Within a few years, any restrictions (external) and restrictions (internal) on the use of lies in the public space of European politics were removed.
It was easy and pleasant to lie in the eyes and behind the eyes. We can say that lies have become the only, but the most effective means of manipulating public consciousness in those European countries that have positioned themselves and are positioning themselves as a chamber of measures and weights, where the canons of truth, goodness, light and justice are stored.
Lies could touch almost any area of life. For example, during the pandemic, millions of French people were forced to quarantine because they were told: “We are at war with the coronavirus, only solidarity can help us all survive.” True, this is already Macron, but the essence does not change from a change in personalities.
In fact, those twenty-odd thousand beds in hospitals, plus the doctors who worked there, should have helped to survive.
But seats in the chambers needed to be reduced to maintain budgetary discipline – this was demanded by Brussels.
Well, how can I tell the truth? So I had to lie. Again and again.
Then I had to lie about why there is no personal protective equipment. Then – why there is no own vaccine. Then – why the vaccine was not effective enough.
Lying turned out to be not just an obsession, it has become so habitual that today any statements by the highest political echelon of European authorities, those that decide the fate of hundreds of millions, cannot be taken seriously.
In all words, no matter how intelligently they are pronounced, one should see a meaning that is exclusively the opposite of what was said.
Where lie and lies rule, the seeds of betrayal sprout perfectly.
Today, practically jungles have grown from these grains, as in the Amazon. Such that you can not pass and not pass.
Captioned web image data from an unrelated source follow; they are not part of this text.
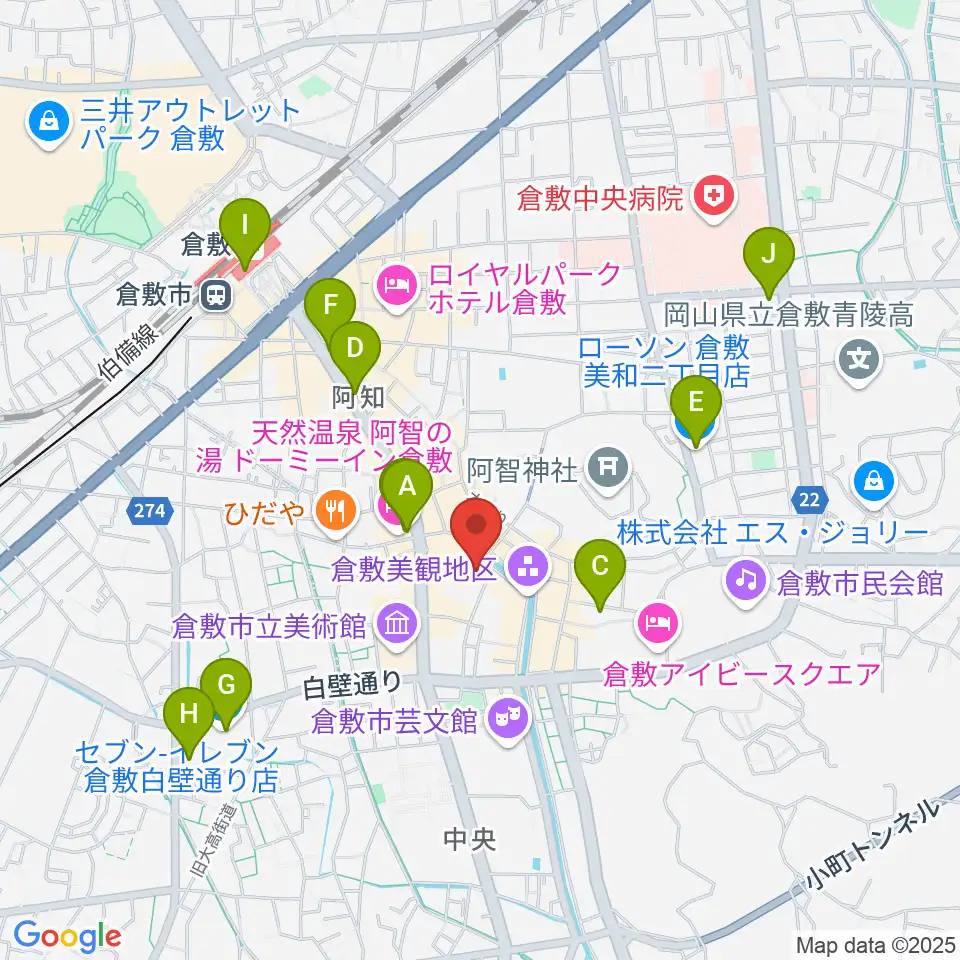 大原美術館周辺のコンビニエンスストア一覧地図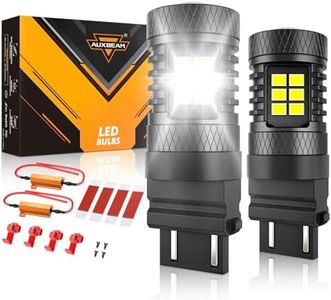 Auxbeam 2026 B1B Series 3157 LED Bulbs White for Backup Reverse lights 400% Brighter T25 3057 3457 4157 Bulbs for DRL Parking Lights with Extra Resistors Anti Hyper Flash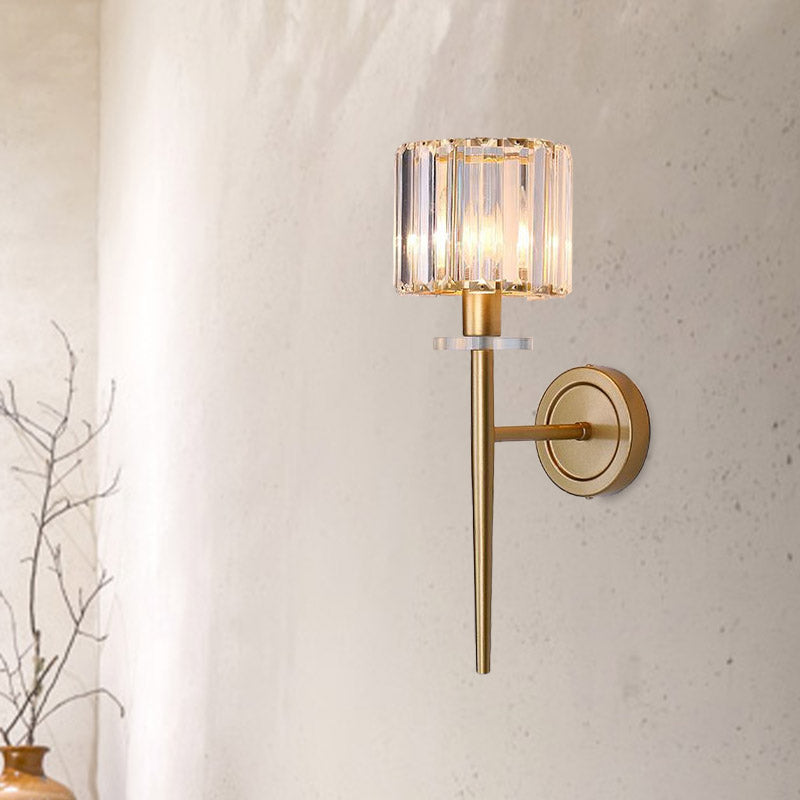 Kristallen Blok Gouden Wandlamp Cilindrisch 1 Licht Eenvoudige Wandverlichting met IJzeren Potloodarm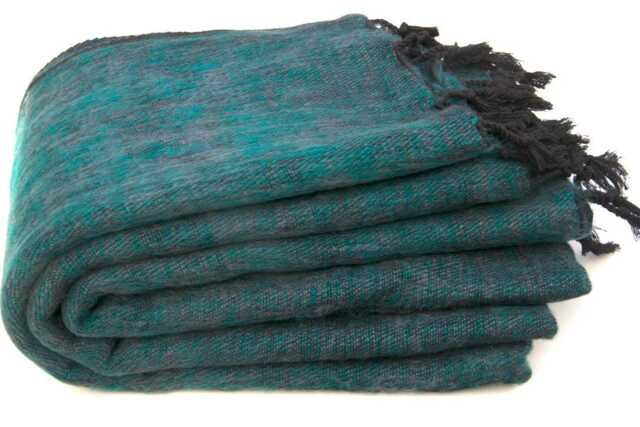 Handwoven Yak Wool Blanket Large Travel Shawl, Meditation Wrap - image 1
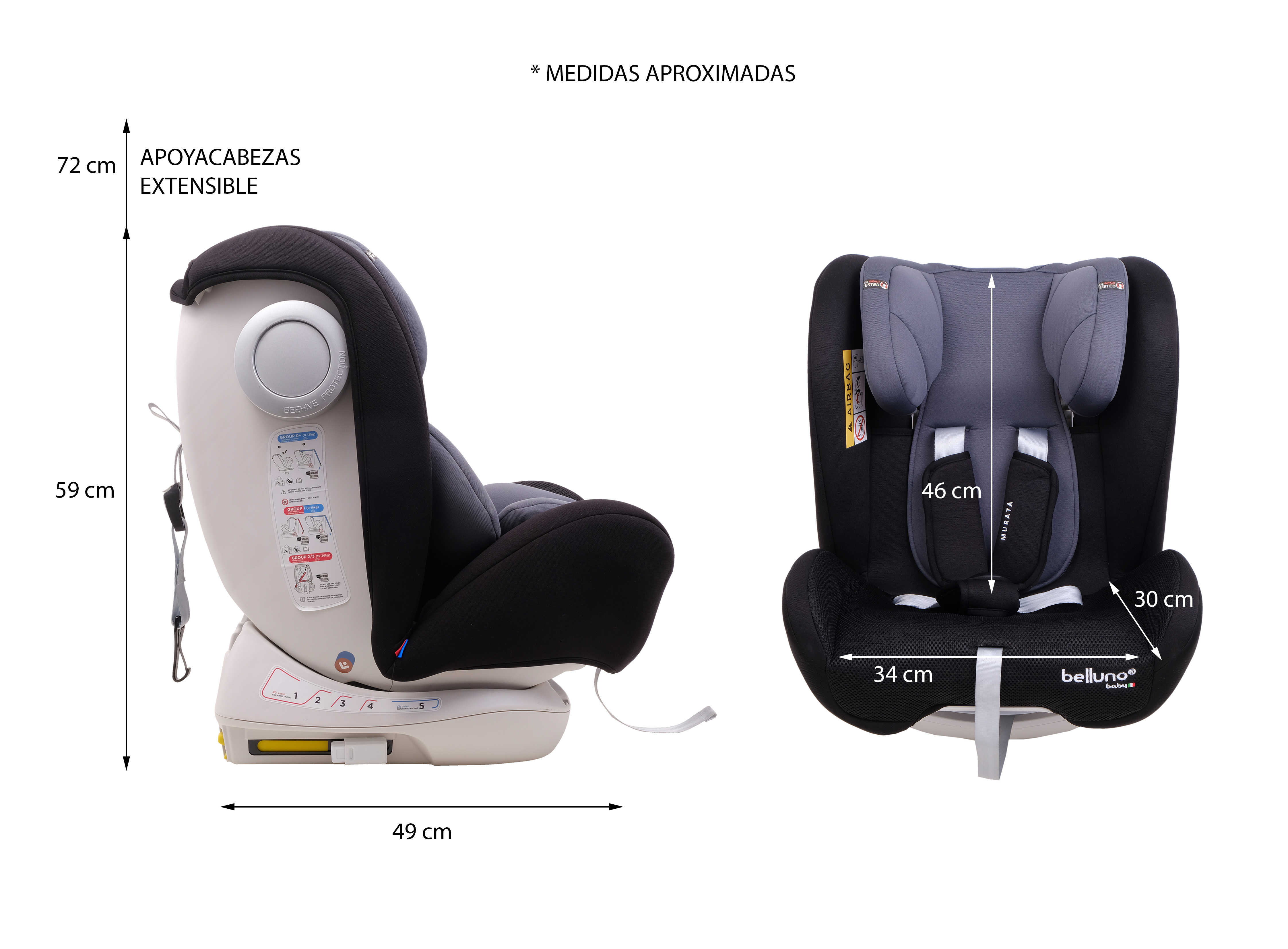 Butaca para Auto Belluno Baby MURATA - Detalle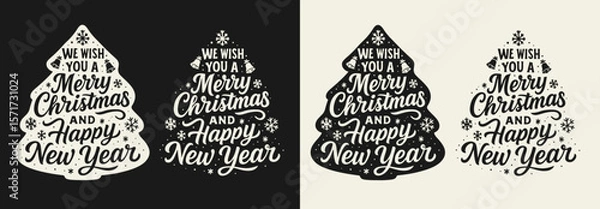 Fototapeta Bold hand-lettered phrase "We wish you a Merry Christmas and Happy New Year" stacked to form a Christmas tree shape, surrounded by snowflakes and bells. Black and white flat vector.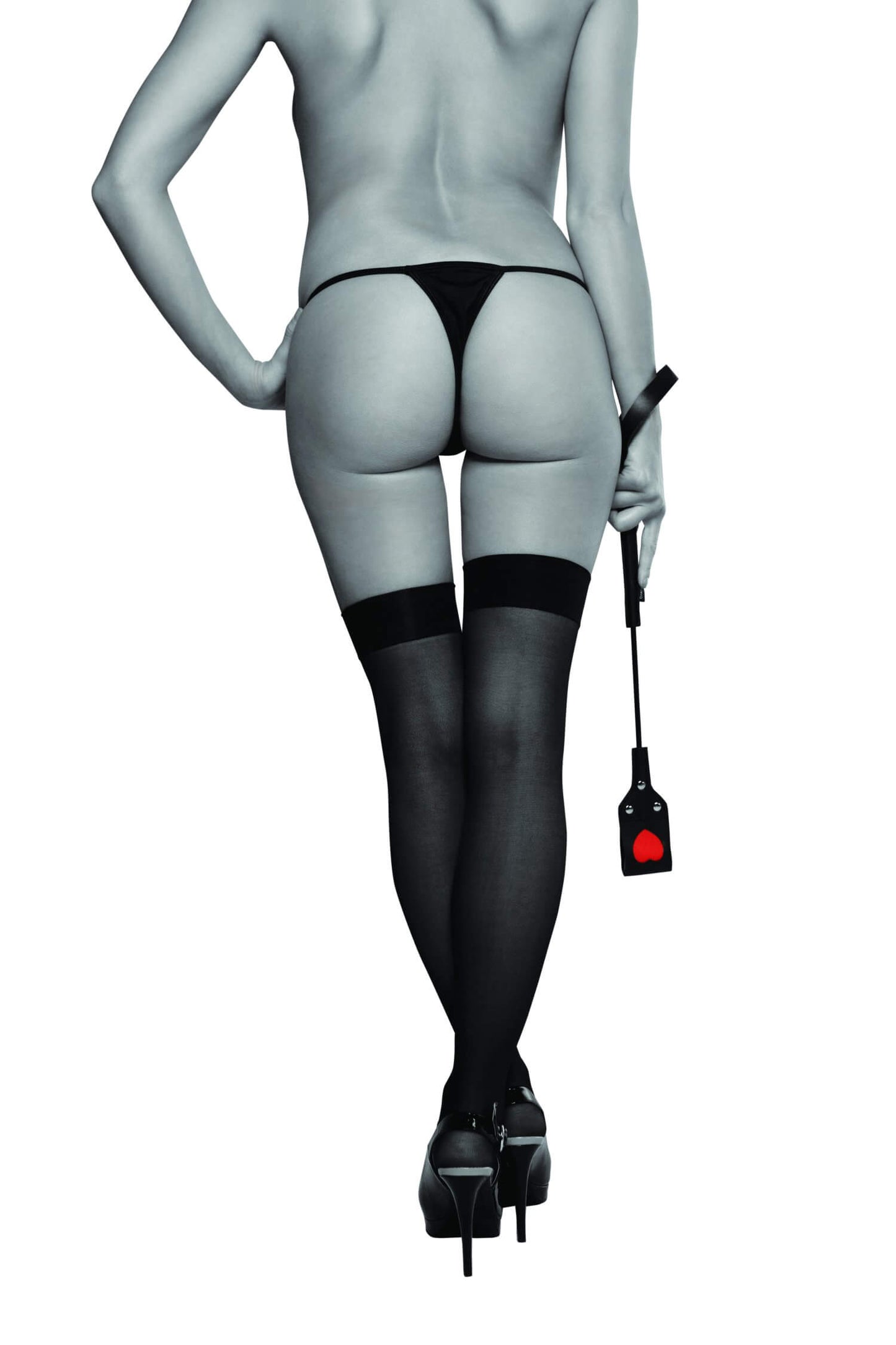 A person wearing a thong and heels is shown from behind with the Sportsheets Heart Impression Crop held down besides their legs. | Kinkly Shop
It is good that our country looks at this empire of lies built on quicksand with due irony. And today Russia is unraveling the intercontinental knot of lies tied up with lies. With patience and calm. And, be sure, unravel it for sure.
Not only according to the criteria of military superiority, which the Nadys were so afraid of (we remember that cowardice is the worst of all vices) “enlightened pan-Europeans”, but according to the norms of truth, truth and justice. Which are universal for everyone. That is why these norms are always stronger in the end.